This series of articles explains why Release Testing – end-to-end regression testing on the critical path – is a wasteful practice that impedes Continuous Delivery and is unlikely to uncover business critical defects.

  1. Organisation Antipattern: Release Testing – introduces the Release Testing antipattern and why it cannot discover defects
  2. Organisation Antipattern: Consumer Release Testing – introduces the consumer-side variant of the Release Testing antipattern
  3. More Releases With Less Risk – describes how releasing smaller changesets more frequently can reduce probability and cost of failure
  4. Release Testing Is Risk Management Theatre – explains why Release Testing is so ineffective, and offers batch size reduction as an alternative

Organisation antipattern: Passive Disaster Recovery

Passive Disaster Recovery is Risk Management Theatre

When an IT organisation is vulnerable to a negative Black Swan – an extremely low probability, extremely high cost event causing ruinous financial loss – a traditional countermeasure to minimise downtime and opportunity costs is Passive Disaster Recovery. This is where a secondary production environment is established in a separate geographic location to the primary production environment, with every product increment released into Production and Disaster Recovery retained in a cold standby state.
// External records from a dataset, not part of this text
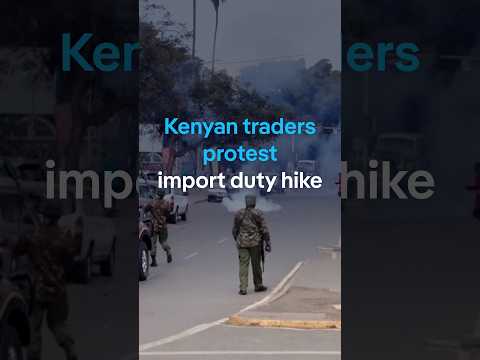 Kenyan traders protest import duty hike | DW News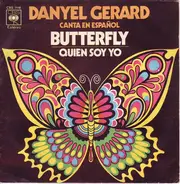 Danyel Gérard - Canta En Español Butterfly - Quien Soy Yo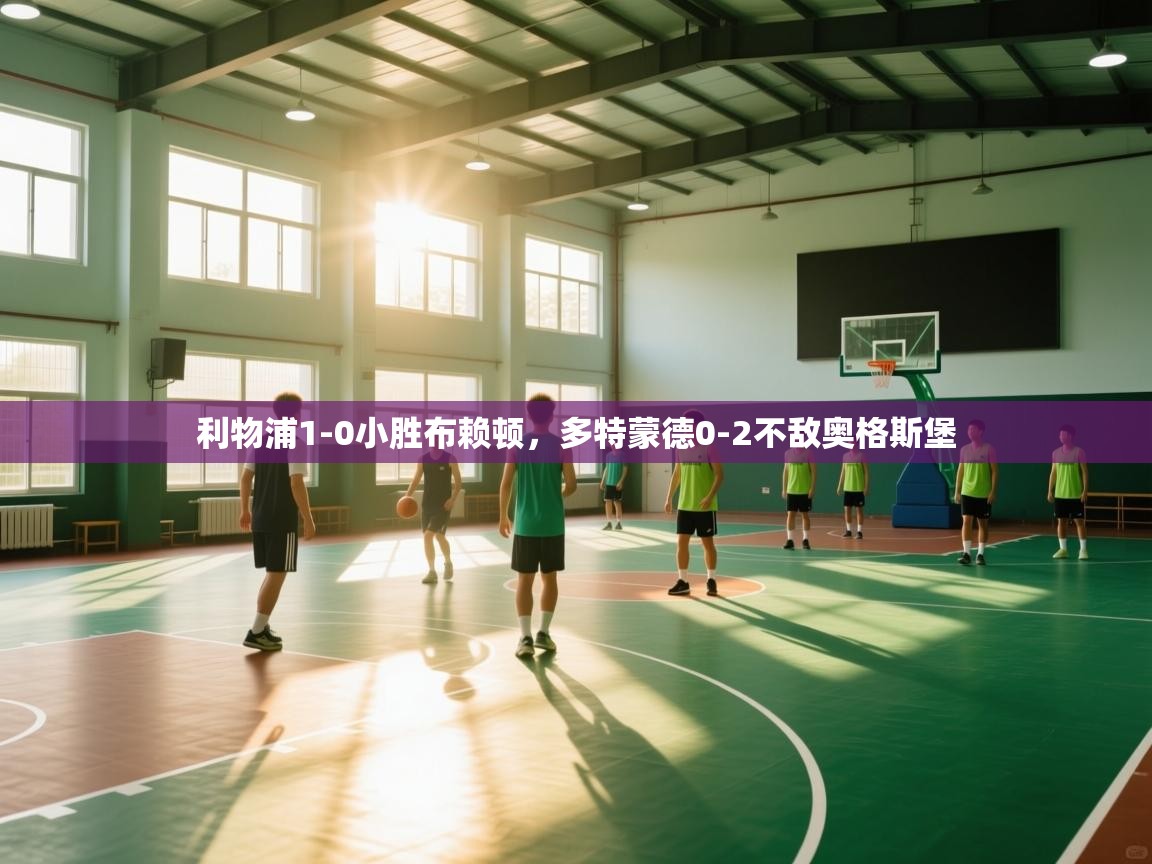 利物浦1-0小胜布赖顿，多特蒙德0-2不敌奥格斯堡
For example, consider an organisation hosting version v1040 of a customer-facing service in its Production environment. In the event of a catastrophic failure, customers should be immediately routed to the Disaster Recovery environment and receive the same quality of service.
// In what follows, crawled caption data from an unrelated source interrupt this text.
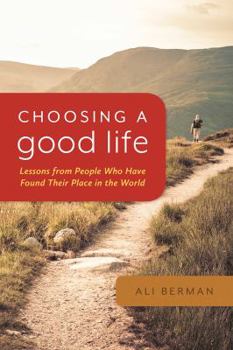 Paperback Choosing a Good Life: Lessons from People Who Have Found Their Place in the World Book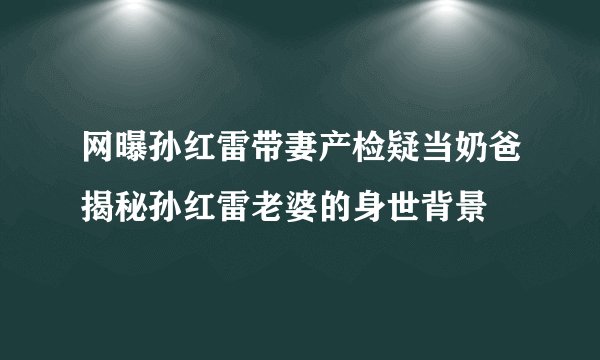 网曝孙红雷带妻产检疑当奶爸揭秘孙红雷老婆的身世背景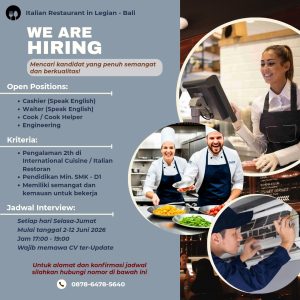 Lowongan Kerja Sebagai Cashier, Waiter, Cook / Cook Helper, Engineering untuk Italian Restaurant Penempatan di Legian, Badung
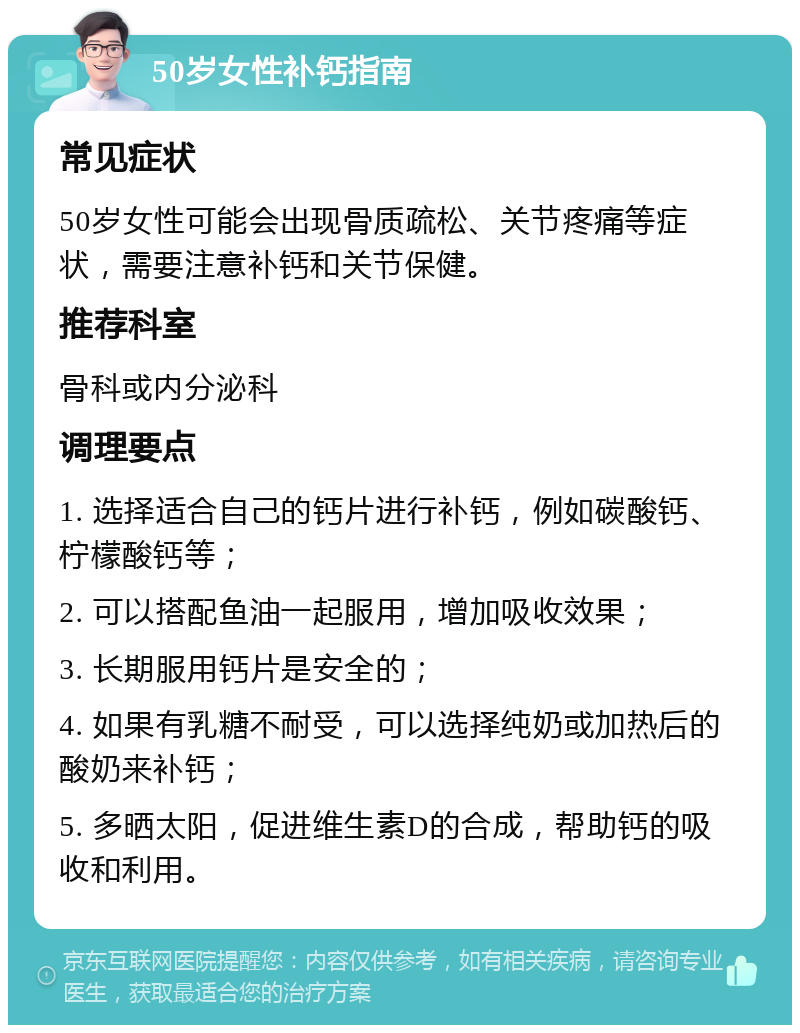 50岁女性补钙指南 常见症状 50岁女性可能会出现骨质疏松、关节疼痛等症状，需要注意补钙和关节保健。 推荐科室 骨科或内分泌科 调理要点 1. 选择适合自己的钙片进行补钙，例如碳酸钙、柠檬酸钙等； 2. 可以搭配鱼油一起服用，增加吸收效果； 3. 长期服用钙片是安全的； 4. 如果有乳糖不耐受，可以选择纯奶或加热后的酸奶来补钙； 5. 多晒太阳，促进维生素D的合成，帮助钙的吸收和利用。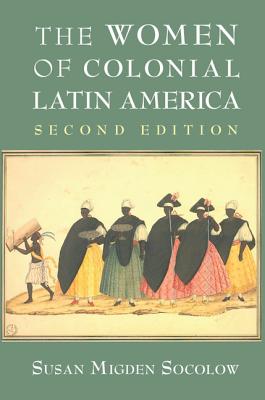 The Women of Colonial Latin America - Susan Migden Socolow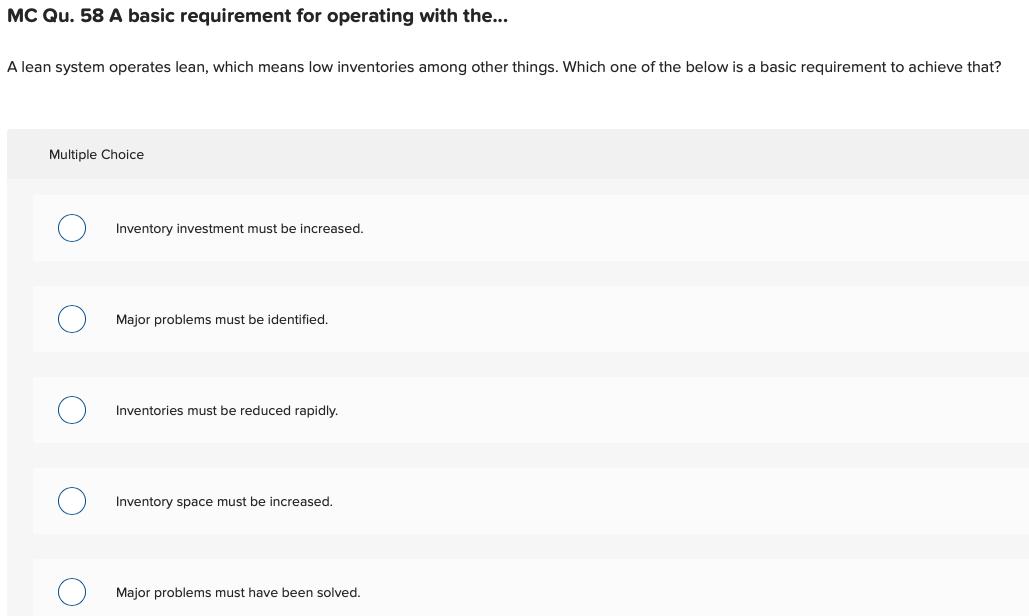 MC Qu. 58 A basic requirement for operating with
Organisation Antipattern - Disaster Recovery Environment - Vision

Regardless of physical/virtual hosting and manual/automated infrastructure provisioning, Passive Disaster Recovery is predicated upon the fundamentally flawed assumption that active and passive environments will be identical at any given point in time. Over time the unused Disaster Recovery environment will suffer from hardware, infrastructure, configuration, and software drift until it consists of Snowflake Servers that will likely require significant manual intervention if and when Disaster Recovery is activated. With negative Black Swan opportunity costs incurred at a rapid pace the entire future of the organisation might be placed in jeopardy.

Organisation Antipattern - Disaster Recovery Environment - Failover Drift

Passive Disaster Recovery remains common due to an industry-wide underestimation of negative Black Swan events. It is easier for an individual or an organisation to appreciate the extremely low probability of a disastrous business event rather than the extremely high opportunity cost, and as a result a Disaster Recovery environment tends to be procured when a business project begins and left to decay into Risk Management Theatre when the capex funding ends.

Continuous Delivery advocates a radically different approach to Disaster Recovery as it is explicitly focussed upon reducing the time, risk, and opportunity cost of delivering high quality services. One of its principles is Bring The Pain Forward – increasing the cadence of high cost, low frequency events to drive down transaction costs – and applying it to Disaster Recovery means moving from passive to active standby via Blue Green Releases and rotating production responsibility between two near-identical environments.

Organisation Antipattern - Disaster Recovery Environment - Blue Green Releases

In the above diagram, the Blue production environment is currently hosting v1040 and the Green environment is being upgraded with v1041. Once v1041 passes its automated smoke tests and manual exploratory tests it is signed off and customers are seamlessly rerouted from Blue to Green. A short period of time afterwards Blue is upgraded in the background and awaits the next production release.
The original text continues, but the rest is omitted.